Personal policial localizó posteriormente a la pareja en inmediaciones de Sucre y Virrey Vértiz. De acuerdo con la información oficial difundida en las primeras horas, la joven manifestó inicialmente ante los efectivos que había sufrido una agresión, motivo por el cual se solicitó la intervención del SAME.
Arizaga fue trasladada al Hospital Pirovano, donde permaneció internada hasta recibir el alta ese mismo día.
Ahora, la Fiscalía pretende conocer qué observaron los agentes, en qué estado encontraron a la joven, qué manifestó durante esas primeras horas y cómo fue su comportamiento durante el traslado y la internación.
Esos relatos podrán ser contrastados posteriormente con las declaraciones de Arizaga, Moyano y el resto de los testigos.

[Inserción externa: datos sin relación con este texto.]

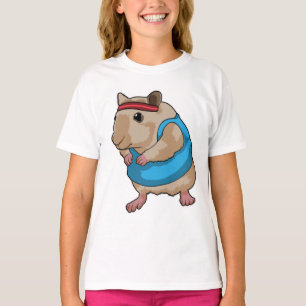 Mouse as Runner with Headband T-Shirt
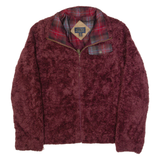 PENDLETON Womens Fleece Jacket Maroon M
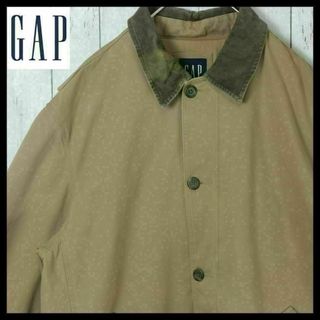 GAP - 【希少】オールドギャップ コート コーデュロイ 90s 一点物 2XL ベージュ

Qué declaró Candela Arizaga ante la Justicia
Días después del episodio, Arizaga se presentó ante la Fiscalía y negó haber sido golpeada o retenida contra su voluntad por Moyano.

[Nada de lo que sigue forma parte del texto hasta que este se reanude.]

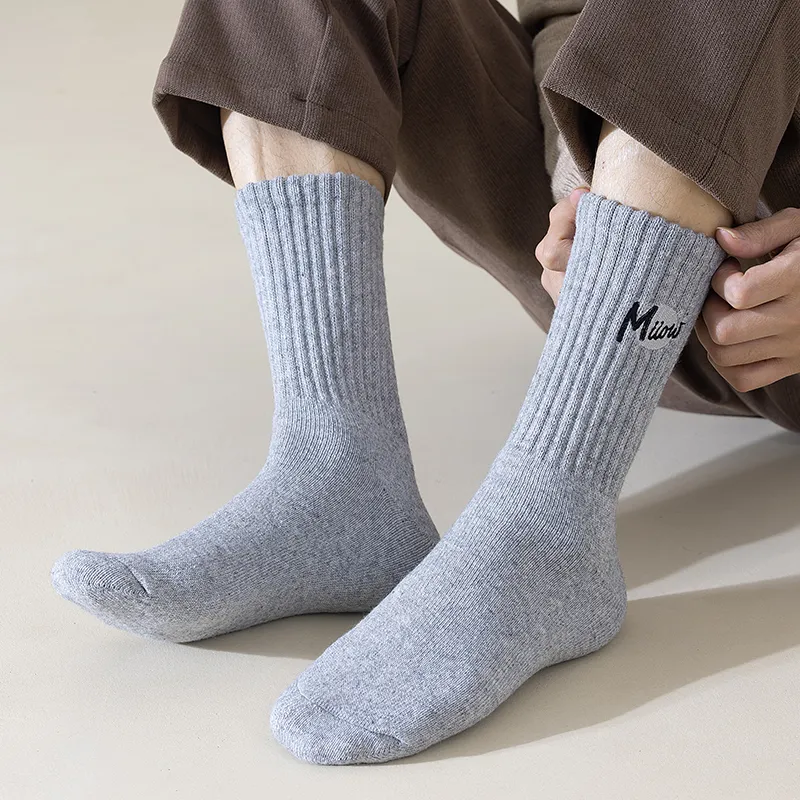 MIIOW Knee High Socks Men's 3 Pack-15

La joven sostuvo que durante aquella madrugada había consumido cocaína y explicó que atravesó lo que definió como un “brote psicótico”. Según su relato, venía experimentando cambios en su estado de ánimo y el consumo de la sustancia derivó en la crisis que terminó en la vía pública.
Su declaración marcó un giro respecto de las primeras actuaciones policiales. Sin embargo, la Fiscalía decidió continuar con la investigación y avanzar con las medidas de prueba previstas.
Moyano también negó las acusaciones cuando fue indagado. El sindicalista aseguró que su relación con Arizaga había sido siempre afectiva y sostuvo que nunca existieron agresiones físicas ni verbales. Además, rechazó haber impedido que la joven entrara o saliera de su departamento.
Los videos que forman parte de la causa
Otro de los elementos centrales son las grabaciones de las cámaras de seguridad que registraron parte del recorrido de la pareja.
Las imágenes muestran a Arizaga, de 23 años, desplazándose con poca ropa durante la madrugada por las inmediaciones de Barrancas de Belgrano. Otros registros captaron a Moyano detrás de ella durante parte del trayecto.
La secuencia comenzó en las inmediaciones del edificio de avenida del Libertador y continuó durante varias cuadras hasta la zona de Virrey Vértiz y Sucre, donde finalmente intervino la Policía.
La Fiscalía deberá analizar esas imágenes junto con los testimonios para establecer qué ocurrió antes de que ambos aparecieran en la calle y determinar si existió alguna conducta penalmente relevante.
Ya declararon empleados de seguridad y un vecino
La ronda de testimoniales comenzó la semana pasada. Ante la Fiscalía se presentaron dos trabajadores de seguridad del edificio ViewPoint, donde se encuentra el departamento de Moyano, y un vecino que intervino durante aquella madrugada.
La declaración de quienes estaban en el edificio resulta especialmente importante para establecer cómo salió Arizaga del inmueble, qué ocurrió en los minutos anteriores y cuál era el estado de la joven.
Uno de los trabajadores del lugar había relatado públicamente durante las primeras horas posteriores al episodio que observó a Arizaga muy alterada.
Médicas, una empleada doméstica y familiares: los próximos testigos
La agenda judicial continuará durante los próximos días. Para el miércoles 19 y jueves 20 de agosto están previstas nuevas declaraciones, entre ellas las de profesionales médicas que tuvieron contacto con Arizaga y la empleada doméstica de Moyano.
La ronda de testimonios se extenderá hasta el lunes 31 de agosto, cuando está previsto que declaren familiares de la joven.
El objetivo será reunir distintas miradas sobre el episodio y establecer si los elementos obtenidos permiten sostener la imputación.
Por el momento, Moyano continúa investigado por lesiones leves y privación ilegítima de la libertad en contexto de violencia de género. Tras recuperar la libertad, la Justicia dispuso una serie de pautas, entre ellas una restricción de acercamiento y contacto con Arizaga.
Una vez concluida esta etapa y analizado el conjunto de pruebas, la Fiscalía deberá resolver cómo continúa el expediente.